In the accompanying figure, all seven contact points are tangential. It can be verified that if the areas of the major and minor circles, noted $A$ and $a$, are respectively equal to $8\pi$ and $2\pi$ then the area of the blue rectangle is equal to $7$.
Can you find without much work necessary and sufficient conditions between the areas $A$ and $a$ so that the area of the blue rectangle is an integer? Or would it be too difficult?
On
After observing that the centers of the two circles are on the diagonal involved, everything comes out easy with the $45º$ angles in play. Thus we arrive at the relationship between the radii $R$ and $r$ which expresses the integer area $n$ of the blue rectangle. $$\frac12(6rR-R^2-r^2)=n$$ Moving then to areas $A$ and $a$ of the problem we have the equation $$6\sqrt{aA}-A-a=2n\pi$$ from this an easy partial solution is given by the mentioned conditions in Stinking Bishop's answer above.
However the solution is much more general. Expressing the areas as a function of the radii, the transcendent $\pi$ disappears and we return to the original expression, so we can do
$$R=3r\pm\sqrt{8r^2-2n}$$ This suggests that for each natural integer $n$ there exists an infinity of real pairs $(r, R)$ such that the corresponding blue rectangle has an area equal to $n$.
We end with an example for area $n=1$ (there is an infinity possible).
Example.-$(n,r,R)=(1,\sqrt3,\space 3\sqrt3+\sqrt{22})$.
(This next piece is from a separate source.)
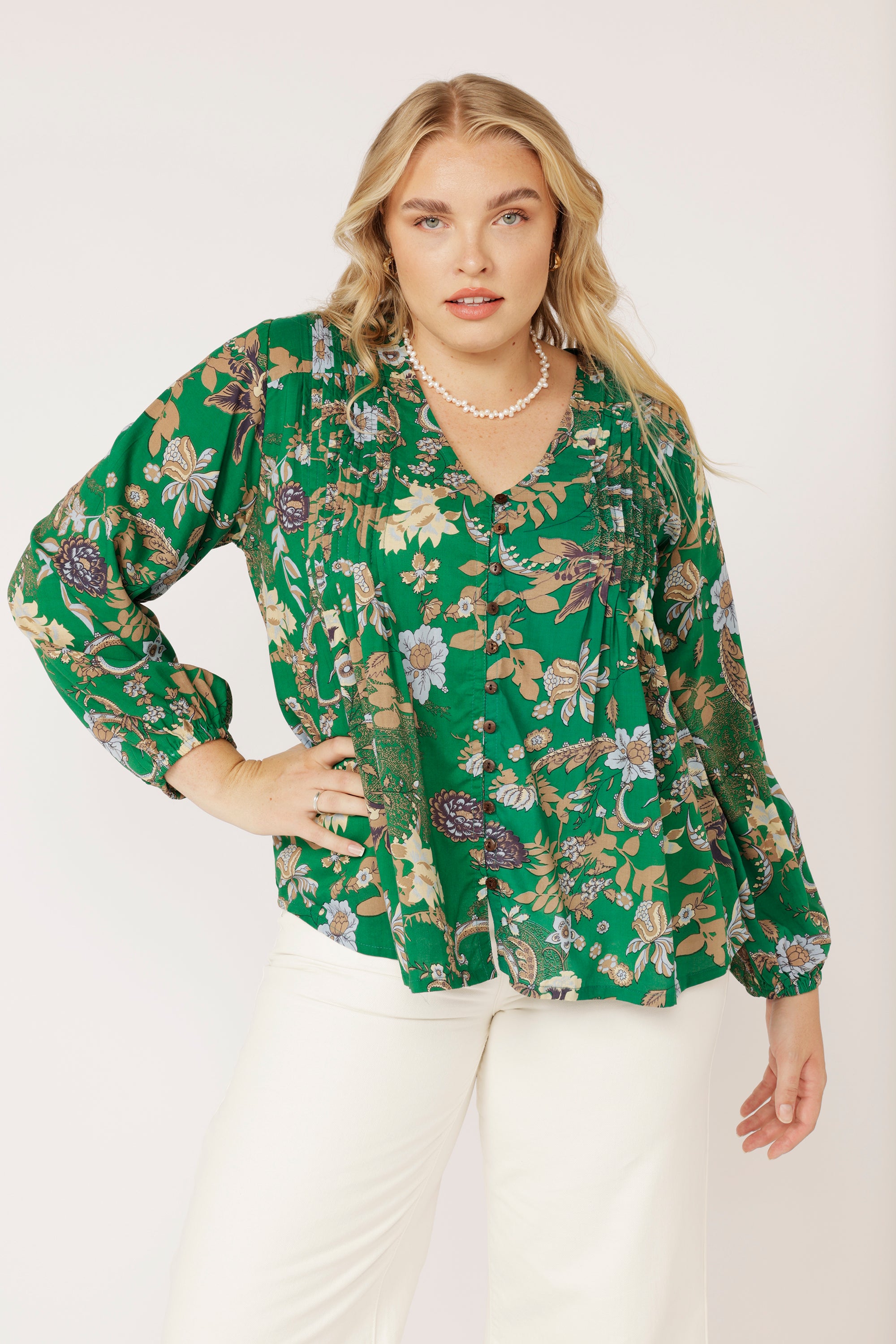 Camilla Hi-Low Top | Midnight Garden Green - Saffron Road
In fact $$6\sqrt3(3\sqrt3+\sqrt{22})-(\sqrt3)^2-(3\sqrt3+\sqrt{22})^2=2\cdot1$$
If the radii of the circles are $r$ and $R$, then the side of the big square is $s=(r+R)(1+\frac{\sqrt{2}}{2})$ and so the sides of the rectangle are $s-2r=R(1+\frac{\sqrt{2}}{2})+r(-1+\frac{\sqrt{2}}{2})$ and $s-2R=R(-1+\frac{\sqrt{2}}{2})+r(1+\frac{\sqrt{2}}{2})$, so (after the calculation) the area of the rectangle is:
$$-\frac{1}{2}R^2-\frac{1}{2}r^2+3Rr=\frac{-A-a+6\sqrt{Aa}}{2\pi}$$
Now, I presume you want $A=u\pi, a=v\pi$, so this area then becomes:
$$-\frac{u+v}{2}+3\sqrt{uv}$$
which gives you necessary and sufficient conditions: (a) $u,v$ are of the same parity; (b) $uv$ is a square.